El viaje de Amaniel o viaje de Palacio fue un viaje de agua de la ciudad de Madrid construido entre 1614-1616. Era de propiedad real y se creó durante el reinado de Felipe III para abastecer el Alcázar. También proporcionaba caudal a tres fuentes públicas: la fuente de Matalobos, la fuente del Cura y la fuente de la plaza de la Armería. Del Real Patrimonio pasó a manos de la Junta de Aguas de Madrid. Se conservan algunas galerías en el Paseo de Juan XXIII (a la altura del nº 46) y en el museo metropolitano de la Estación de Ópera.

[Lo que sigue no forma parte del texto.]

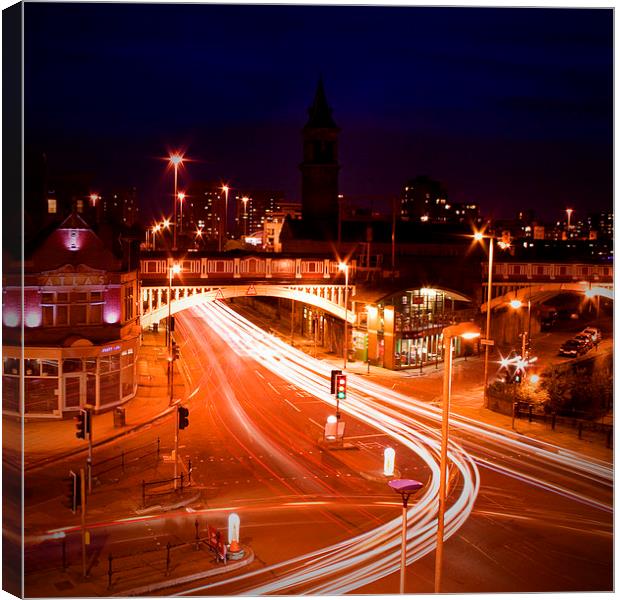 Manchester City Urban Night Lights Canvas Print by Peter Carroll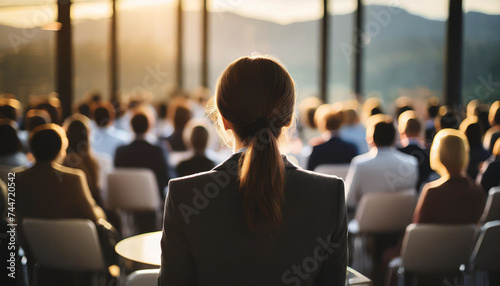 Silhouette of female conference speaker observing audience, blurred background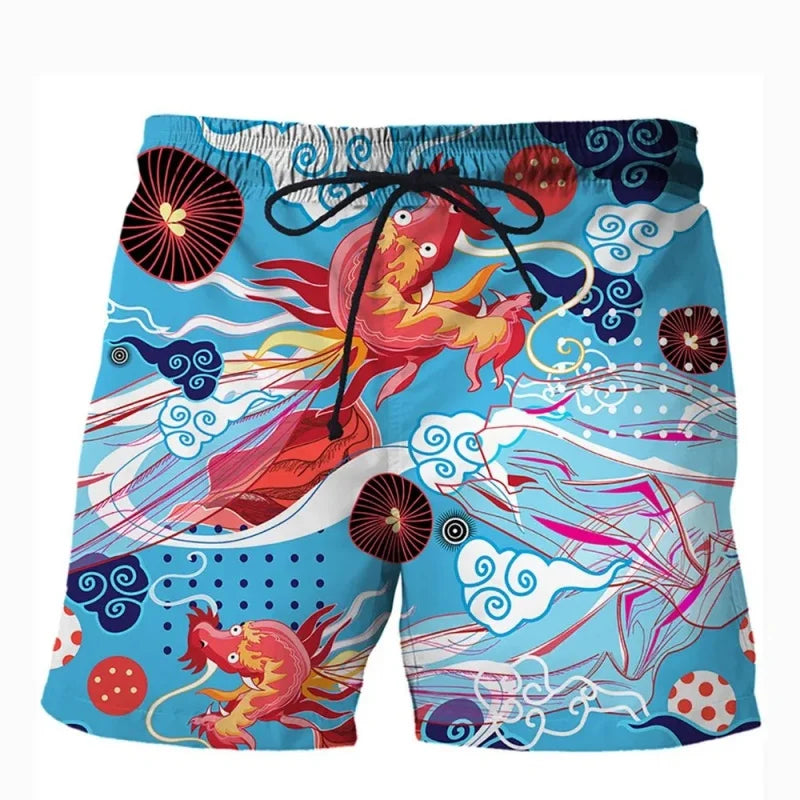 3D Printed Animal Board Shorts – Flamingo, Shark & Owl Hawaiian Swim Trunks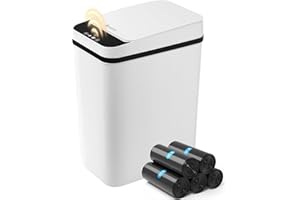 FRESHLIX Bathroom Trash Can with Lid 2.6 Gallon Automatic Touchless Garbage Cans Small Smart Motion Sensor Trashcan Slim Waterproof Trashcan for Bedroom, Office, Living Room, Toilet, RV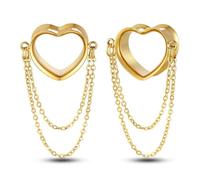 Générique 2 Pièces Tunnels pour Oreilles en Acier Titane 8-25mm - Chaîne Cœur Hypoallergénique pour Stretching Percing, Support Large Lobes(Gold,22mm (7/8"))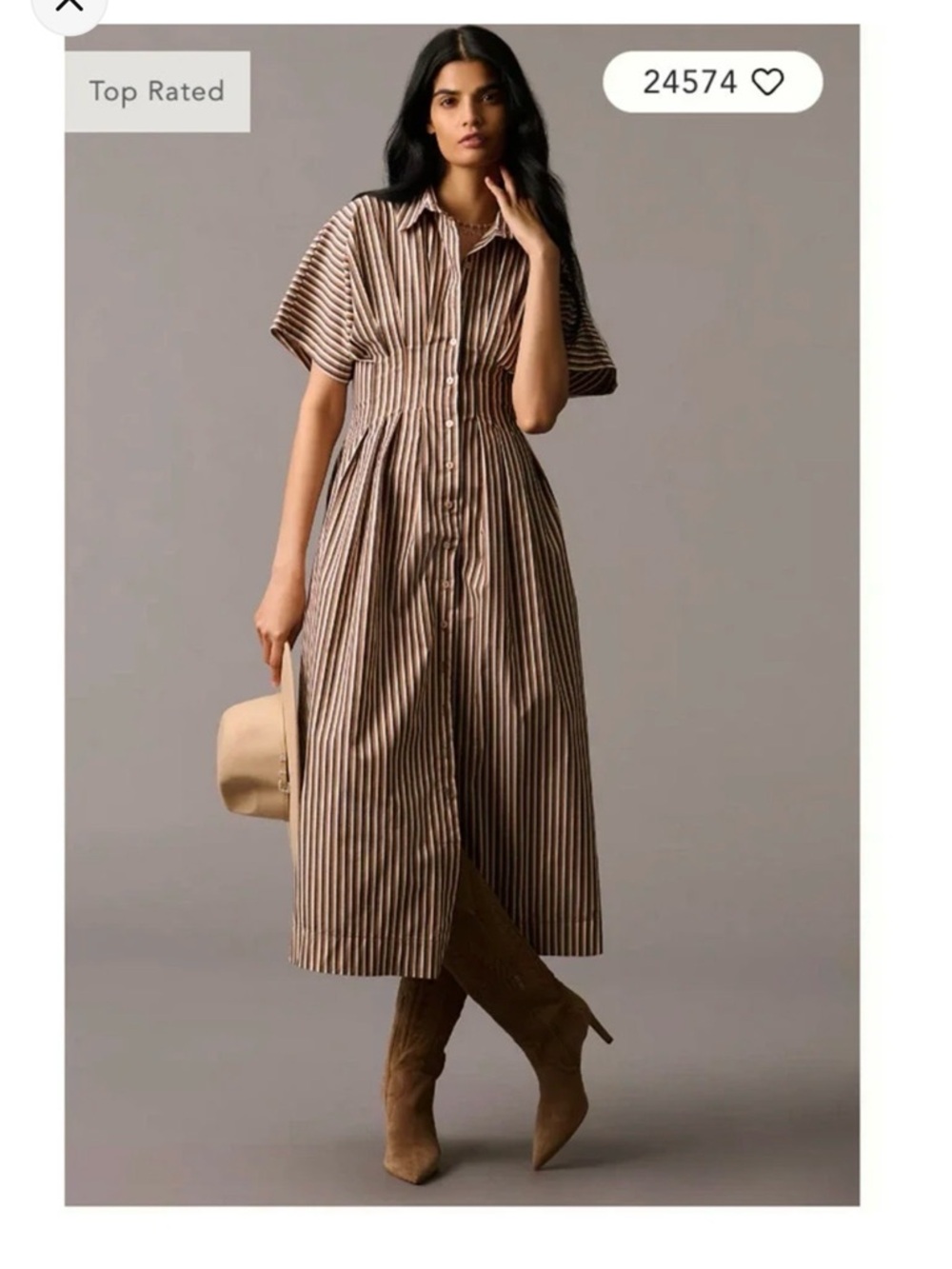 Anthropologie Brown Striped Midi Shirt Dress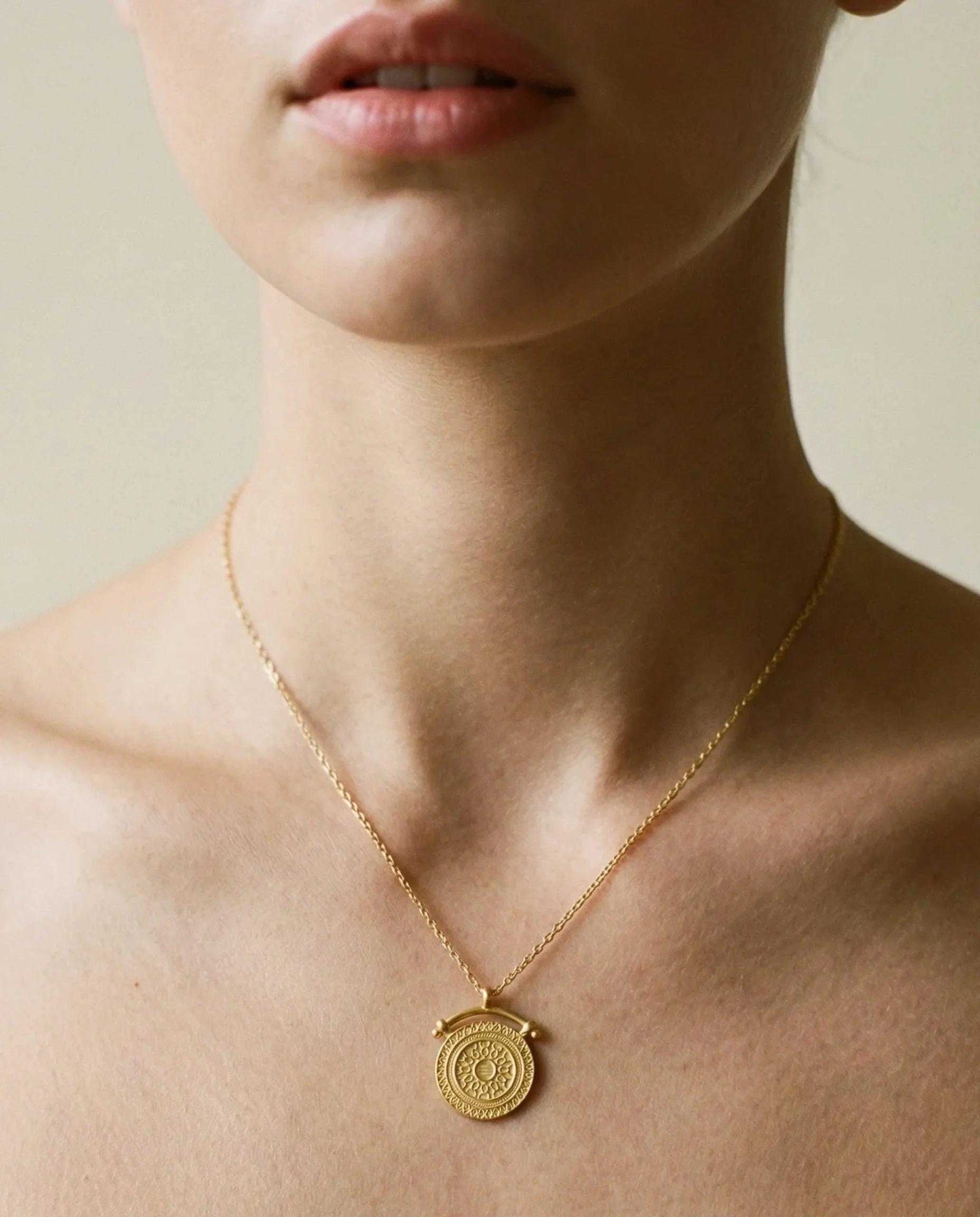 A close up of the intricate detailing - Sunbeam Gold Pendant Necklace - 18k gold plated sterling silver.  By Frequency Paris-Ibiza 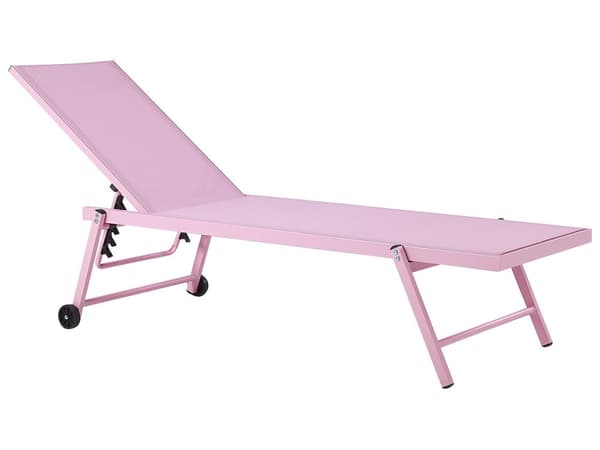 Solsäng Rosa Syntetiskt Säte Aluminiumram 198 x 61 cm Justerbart Ryggstöd Patio Trädgård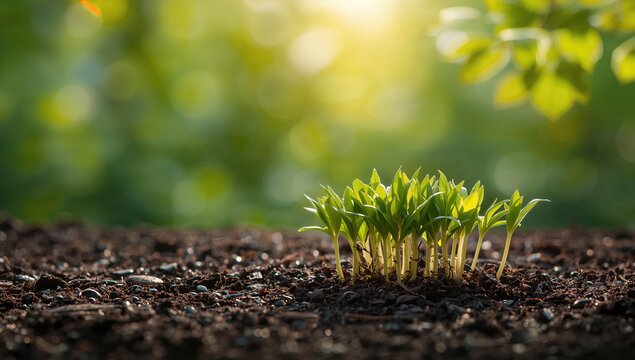 Young plant sprouts in sunlight, emphasizing early growth stages for plant monitoring and care, Earth Day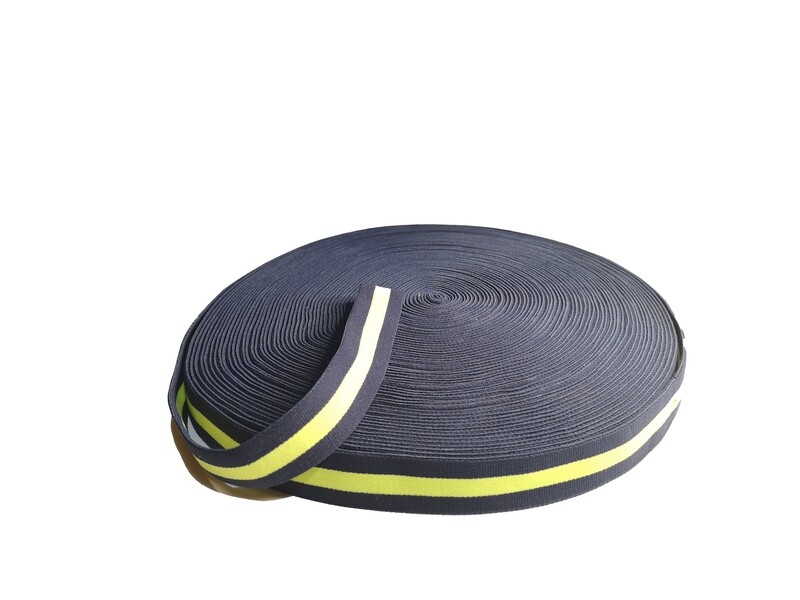 Navy &amp; Neon Yellow | Soft Waistband Elastic | 25mm Wide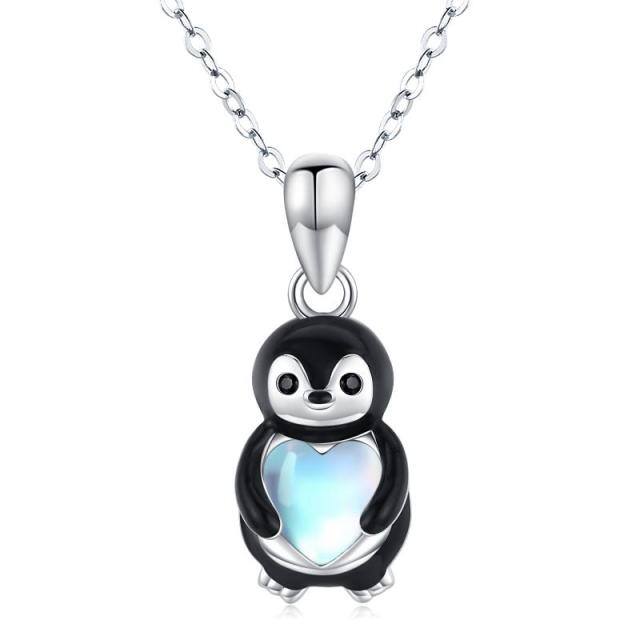 Sterling zilveren tweekleurige hartvormige maansteen pinguïn hanger ketting-1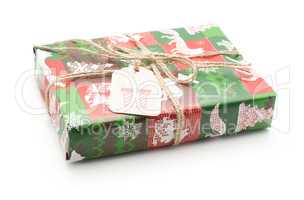Present box tied on white background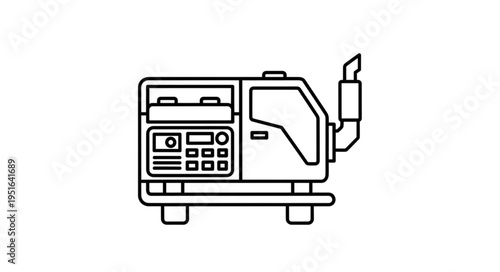 Line drawing of a portable generator, showing its various components and design.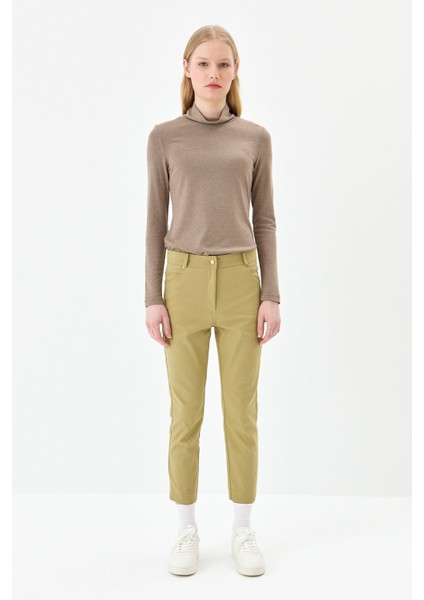 Dar Paça Kanvas Pantolon Olive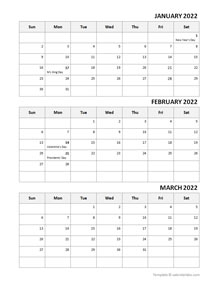 2022 Quarterly Word Calendar Template With Notes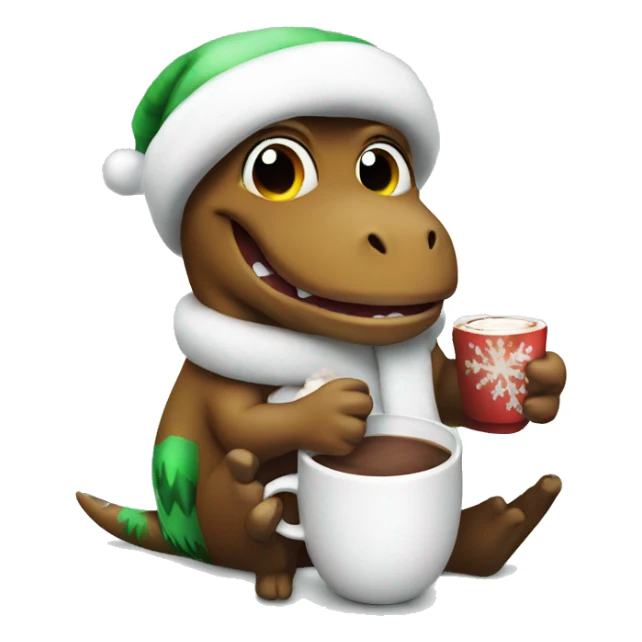 Christmas trex drinking hot cocoa  sticker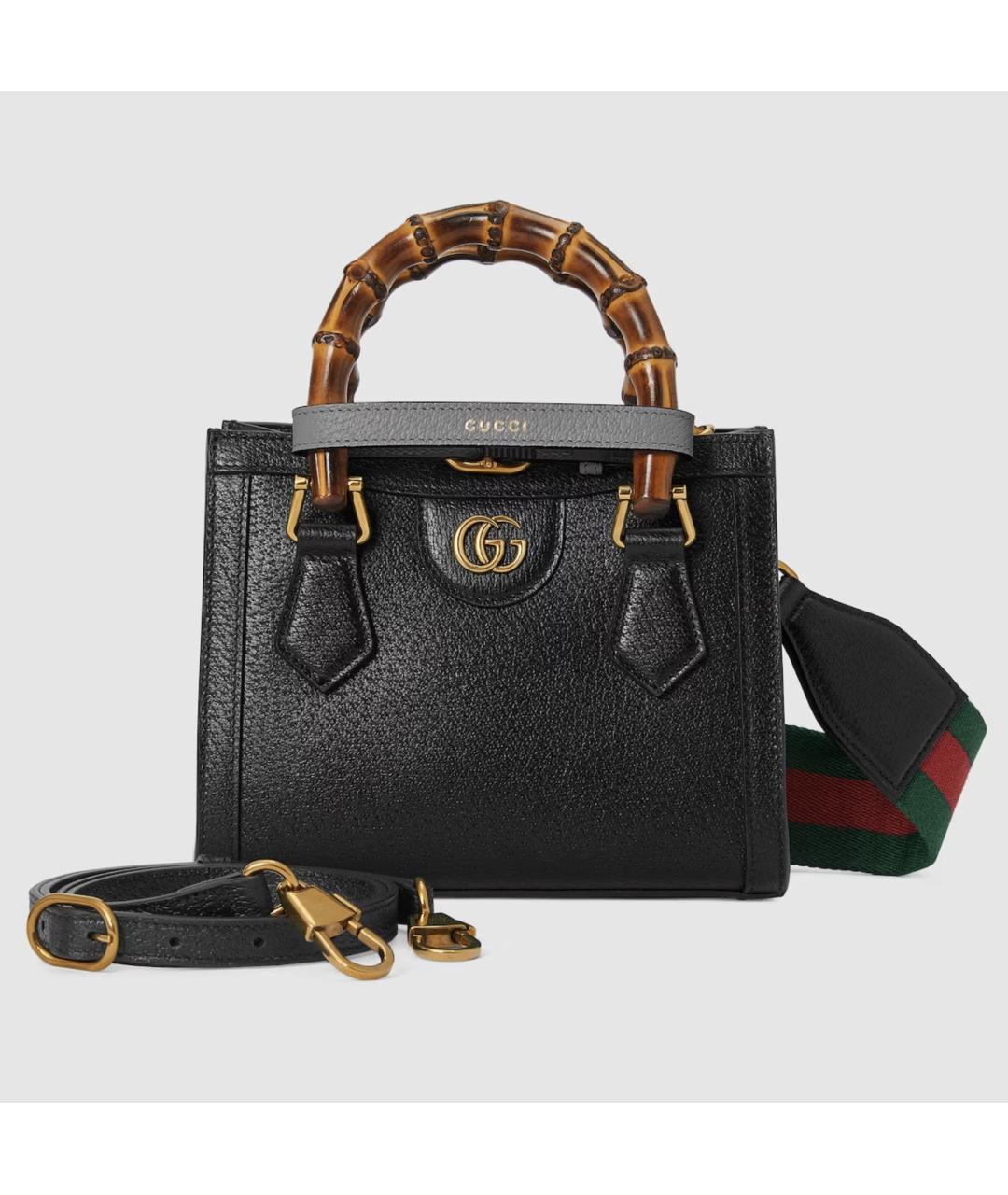 GUCCI Черная кожаная сумка тоут, фото 4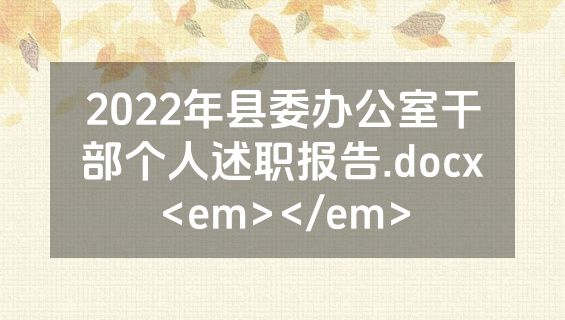 2022年县委办公室干部个人述职报告.docx<em></em>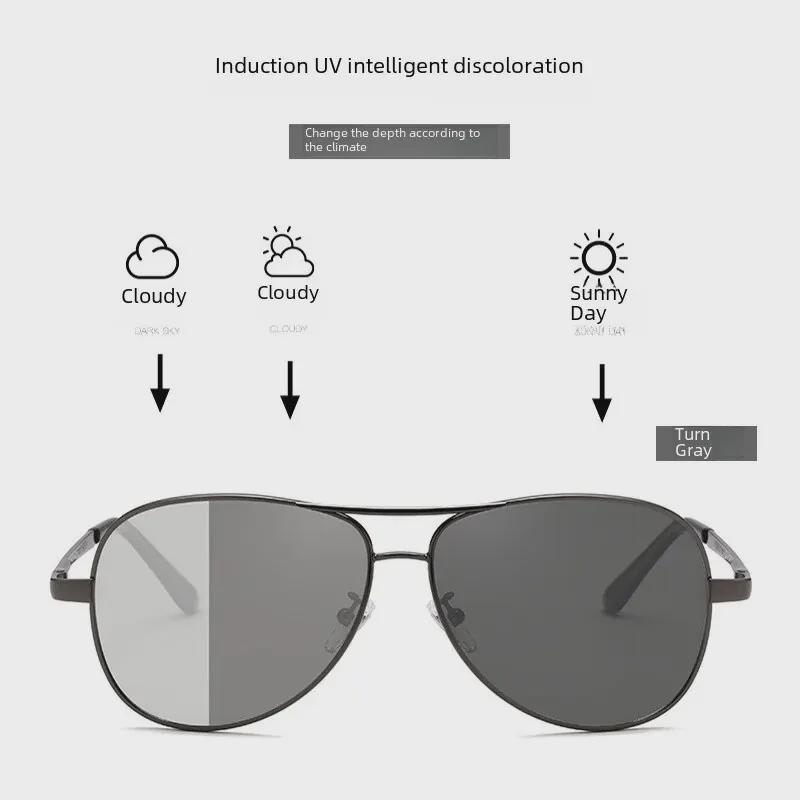 "3026 Men's Polarized Color-Changing Aviator Sunglasses with Spring Hinges"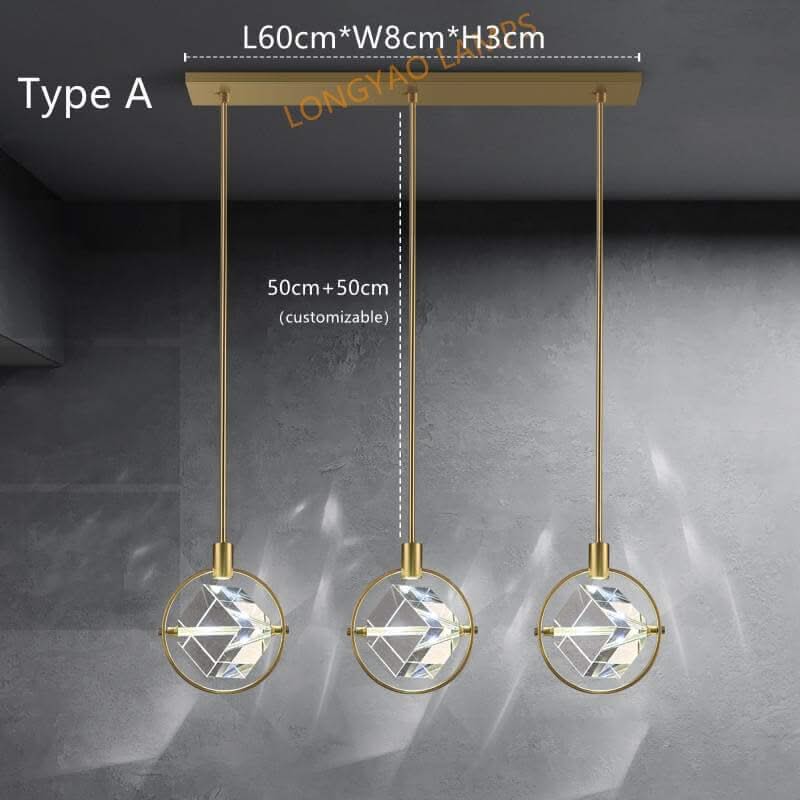 Crystal Cube Rotatable LED Pendant Chandelier – Round & Long, Type A & B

En 2018, comenzaron los trabajos de restauración para permitir visitas didácticas.
Desde 2019 es posible visitar el interior de las galerías de la calle Juan XXIII.Es difícil precisar la fecha exacta de construcción del viaje, puesto que incluso las fuentes originales difieren: algunos legajos establecen la fecha de inicio de las obras en torno a 1611, mientras que otros la sitúan, implícita o explícitamente, entre 1612 y 1614. Esta última fecha es del todo improbable, puesto que es seguro que el viaje se encontraba ya operativo hacia mediados de 1613. Así lo confirma un documento firmado por el intendente de la Junta de Obras y Bosques, Tomás de Angulo, quien asevera que aquel verano las galerías llevaban un caudal de ocho reales fontaneros.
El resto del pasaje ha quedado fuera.